Just to be clear, I am going to show managing 50 000 nodes on a machine that’s the equivalent of a $40/month Linode.
Choria
I run a custom build of Choria 0.0.11, I bump the max connections up to 100k and turned off SSL since we simply can’t provision certificates, so a custom build let me get around all that.
The real reason for the custom build though is that we compile in our agent into the binary so the whole deployment that goes out to all nodes and broker is basically what you see below, no further dependencies at all, this makes for quite a nice deployment story since we’re a bit challenged in that regard.
$ rpm -ql choria /etc/choria/broker.conf /etc/choria/server.conf /etc/logrotate.d/choria /etc/init.d/choria-broker /etc/init.d/choria-server /etc/sysconfig/choria-broker /etc/sysconfig/choria-server /usr/sbin/choria |
Other than this custom agent and no SSL we’re about on par what you’d get if you just install Choria from the repos.
Network Broker Setup
The Choria Network Broker is deployed basically exactly as the docs.

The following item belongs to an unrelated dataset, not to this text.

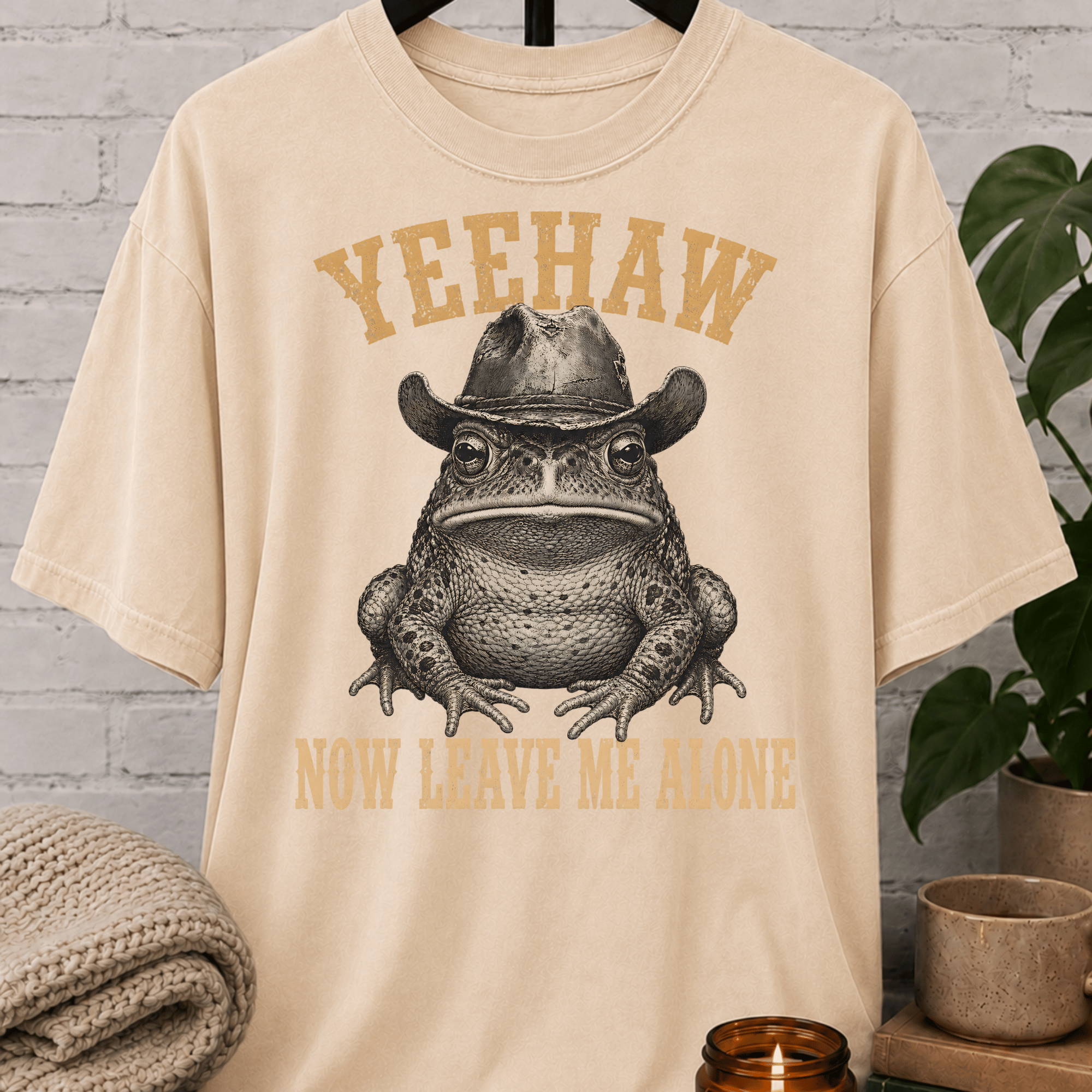 Frog in Cowboy Hat T-Shirt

Including setting the sysctl values to what was specified in the docs.
identity = choria1.example.net logfile = /var/log/choria.log plugin.choria.stats_address = :: plugin.choria.stats_port = 8222 plugin.choria.network.listen_address = :: plugin.choria.network.client_port = 4222 plugin.choria.network.peer_port = 4223 |
Most of this isn’t even needed basically if you use defaults like you should.
Server Setup
The server setup was even more boring:
logger_type = file logfile = /var/log/choria.log plugin.choria.middleware_hosts = choria1.example.net plugin.choria.use_srv = false |
Deployment
So we were being quite conservative and deployed it in batches of 50 a time, you can see the graph below of this process as seen from the Choria Network Broker (click for larger):
This is all pretty boring actually, quite predictable growth in memory, go routines, cpu etc. The messages you see being sent is me doing lots of pings and rpc’s and stuff just to check it’s all going well.

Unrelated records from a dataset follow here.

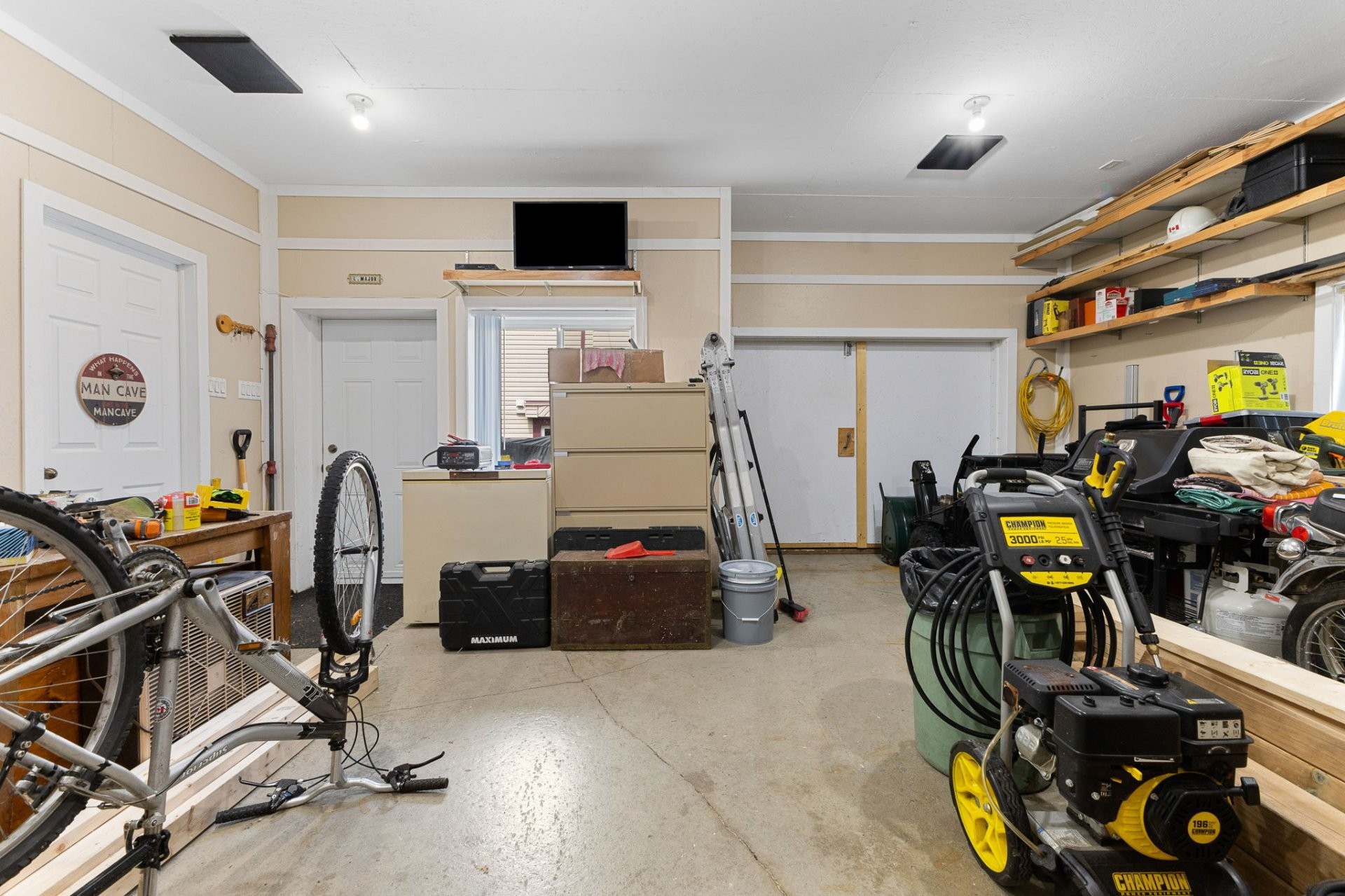 









113


Rue De Lorimier

,
Gatineau (Hull),




QC
J8Y3E7

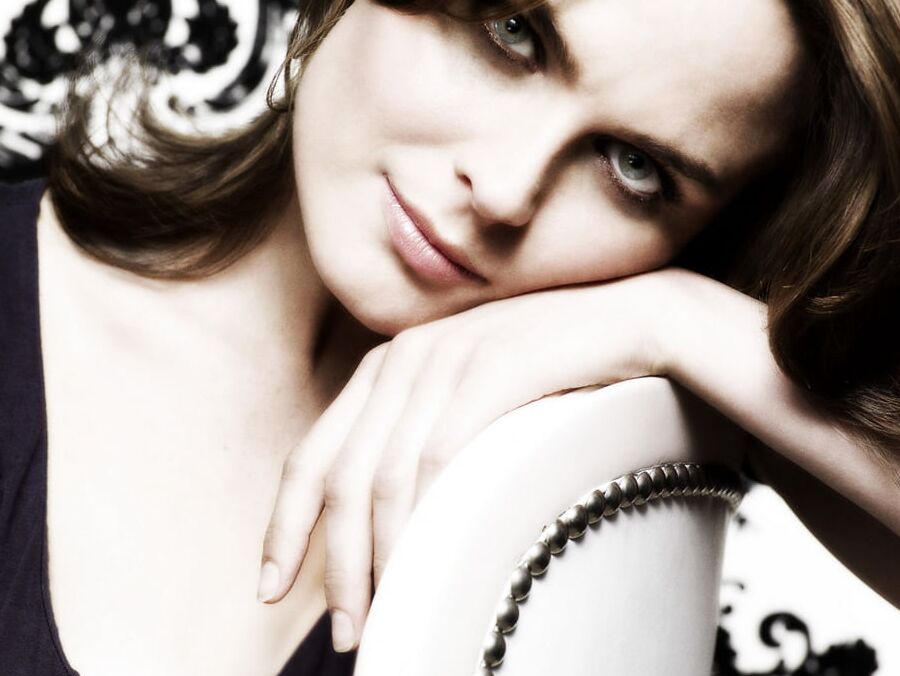 Celebrity Hot - Emily Deschanel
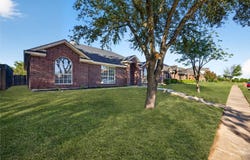 2221 Bridle Path Drive, Lancaster, TX 75146
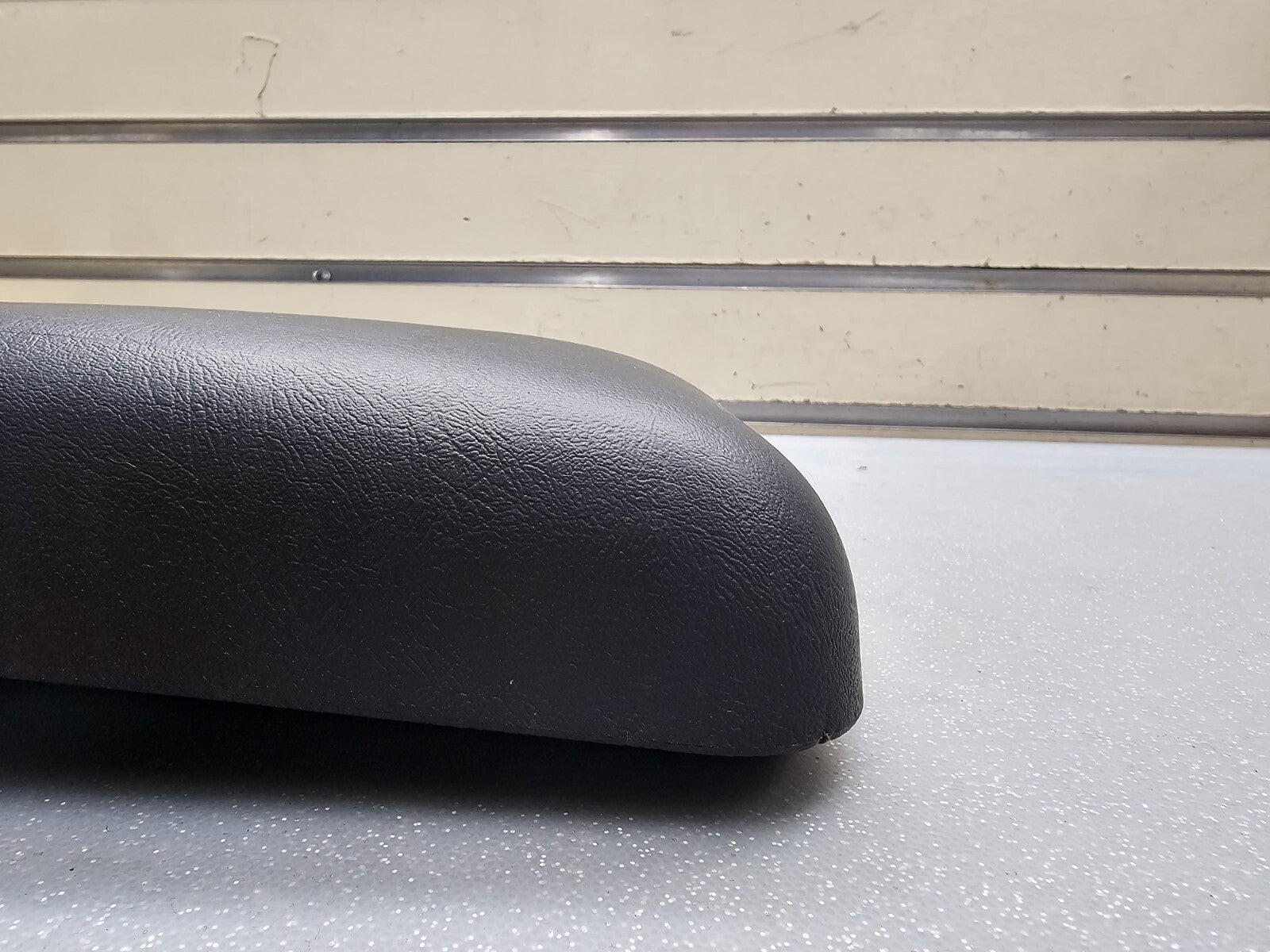 🔥94-97 Blazer Jimmy Sonoma S10 Bravada Armrest Center Console Lid Top Pad Black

$ ps -auxw|grep choria root 22365 12.9 14.4 2879712 1175928 ? Sl Mar06 241:34 /usr/choria broker --config=.... |
# a bit later than the image above $ sudo netstat -anp|grep 22365|grep ESTAB|wc -l 58319 |
Outcome
So how does work in practise? In the past we’d have had a lot of issues with getting consistency out of a network of even 10% this size, I was quite confident it was not the Ruby side, but you never know?

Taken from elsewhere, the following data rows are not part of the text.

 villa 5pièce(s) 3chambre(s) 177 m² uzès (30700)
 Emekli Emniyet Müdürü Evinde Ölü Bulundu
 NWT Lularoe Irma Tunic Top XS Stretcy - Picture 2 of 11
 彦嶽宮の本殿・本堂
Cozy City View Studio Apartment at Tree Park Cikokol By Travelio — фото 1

Well, lets look at this one, I set discovery_timeout = 20 in my client configuration:
$ mco rpc rpcutil ping --display failed |
Finished processing 51152 / 51152 hosts in 20675.80 ms Finished processing 51152 / 51152 hosts in 20746.82 ms Finished processing 51152 / 51152 hosts in 20778.17 ms Finished processing 51152 / 51152 hosts in 22627.80 ms Finished processing 51152 / 51152 hosts in 20238.92 ms |
That’s a huge huge improvement, and this is without fancy discovery methods or databases or anything – it’s the, generally fairly unreliable, broadcast based method of discovery. These same nodes on a big RabbitMQ cluster never gets a consistent result (and it’s 40 seconds slower), so this is a huge win for me.
I am still using the Ruby code here of course and it’s single threaded and stuck on 1 CPU, so in practise it’s going to have a hard ceiling of churning through about 2500 to 3000 replies/second, hence the long timeouts there.
I have a go based ping, it round trips this network in less than 3.5 seconds quite reliably – wow.
The broker peaked at 25Mbps at times when doing many concurrent RPC requests and pings etc, but it’s all just been pretty good with no surprises.
The ruby client is a bit big so as a final test I bumped the RAM on this node to 16GB. If I run 6 x RPC clients at exactly the same time doing a full estate RPC round trip (including broadcast based discovery) all 6 clients get exactly the same results consistently. So I guess I know the Ruby code was never the problem and I am very glad to see code I designed and wrote in 2009 scaling to this size – the Ruby client code really have never been touched after initial development.
So, that’s about it, I really can’t complain about this.